Non che i più distinti baroni, ma un grandissimo numero di semplici gentiluomini vollero seguire il re, a loro spese e que’ baroni che restaron nel regno, e le città entro terra venivan somministrando uomini e cavalli.
Lasciò il re sua vicaria nel regno la regina Bianca, alla quale assegnò per assisterla un consiglio composto da Pietro Queralto, il commendatore di Monson, Bartolomeo Gioeni, Luigi Raidal, il maestro portulano, Gabriele Fisaulo, i maestri razionali, i giudici della gran corte e sei deputati che dovean mandarvi Palermo, Messina, Catania, Girgenti, Siracusa e Trapani.
Nell’ottobre del 1408 mosse il giovane re da Trapani; nè la sua impresa fallì la generale espettazione. Addì 1 giugno del 1409 colla sola armata siciliana sconfisse le galee genovesi, che erano andate in soccorso dei Sardi: molte ne prese, e quattro de’ capitani, fatti prigionieri, furono mandati nel castello di Catania. Sulla fine dello stesso mese pari segnalata vittoria ebbe in terra. Venuto alle mani presso il castello di Luri co’ nemici, gli volse in fuga e seimila ne uccise.

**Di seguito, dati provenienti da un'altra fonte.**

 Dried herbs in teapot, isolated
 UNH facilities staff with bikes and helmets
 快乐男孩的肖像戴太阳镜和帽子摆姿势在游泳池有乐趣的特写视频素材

Tali, strepitose vittorie misero in ispavento gli stati d’Italia. Già alto suonava il nome di Martino. I Siciliani a ragione speravano, che il loro re era per fare risorgere i giorni gloriosi del suo grand’avo Federigo. Già ei volgeva in mente il progetto di portar le insegne sue vittoriose in Italia, conquistare le provincie napolitane e correre in Roma, per farvi riconoscere l’antipapa spagnuolo: ma ben altrimenti era scritto negli eterni decreti.